_Exercise_. Please retype the material beneath this task exactly, starting with its first line and finishing with the line containing "Tappeto cotone beige".

____

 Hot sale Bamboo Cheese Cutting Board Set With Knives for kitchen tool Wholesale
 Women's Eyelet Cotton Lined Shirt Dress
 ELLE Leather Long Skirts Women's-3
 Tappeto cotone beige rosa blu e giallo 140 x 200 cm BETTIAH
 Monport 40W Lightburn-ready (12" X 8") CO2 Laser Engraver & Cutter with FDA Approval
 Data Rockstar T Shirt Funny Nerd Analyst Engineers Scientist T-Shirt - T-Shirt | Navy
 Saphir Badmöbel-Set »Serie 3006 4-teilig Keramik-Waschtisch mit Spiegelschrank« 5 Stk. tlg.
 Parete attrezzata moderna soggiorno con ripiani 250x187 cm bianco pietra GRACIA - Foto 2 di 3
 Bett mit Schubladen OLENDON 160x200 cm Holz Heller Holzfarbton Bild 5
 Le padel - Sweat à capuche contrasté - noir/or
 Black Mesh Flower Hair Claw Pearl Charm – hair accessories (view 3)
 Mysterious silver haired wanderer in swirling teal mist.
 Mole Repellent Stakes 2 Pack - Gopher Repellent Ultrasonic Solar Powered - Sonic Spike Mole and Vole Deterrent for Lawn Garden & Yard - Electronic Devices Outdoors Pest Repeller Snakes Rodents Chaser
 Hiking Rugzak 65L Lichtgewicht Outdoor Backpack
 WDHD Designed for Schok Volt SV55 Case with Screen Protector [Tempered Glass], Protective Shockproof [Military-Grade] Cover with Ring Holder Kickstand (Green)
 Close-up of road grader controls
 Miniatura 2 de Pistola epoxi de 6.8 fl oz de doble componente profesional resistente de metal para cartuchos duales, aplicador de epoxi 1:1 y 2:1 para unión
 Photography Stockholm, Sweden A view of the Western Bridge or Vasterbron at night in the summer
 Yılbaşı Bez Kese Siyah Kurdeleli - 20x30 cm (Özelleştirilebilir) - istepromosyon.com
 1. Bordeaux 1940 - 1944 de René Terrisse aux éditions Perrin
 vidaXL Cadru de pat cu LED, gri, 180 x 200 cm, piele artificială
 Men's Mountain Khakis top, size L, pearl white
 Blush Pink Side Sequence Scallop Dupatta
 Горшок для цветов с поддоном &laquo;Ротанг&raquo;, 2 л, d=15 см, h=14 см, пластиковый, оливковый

____

_Answer to this exercise_.
 Hot sale Bamboo Cheese Cutting Board Set With Knives for kitchen tool Wholesale
 Women's Eyelet Cotton Lined Shirt Dress
 ELLE Leather Long Skirts Women's-3
 Tappeto cotone beige rosa blu e giallo 140 x 200 cm BETTIAH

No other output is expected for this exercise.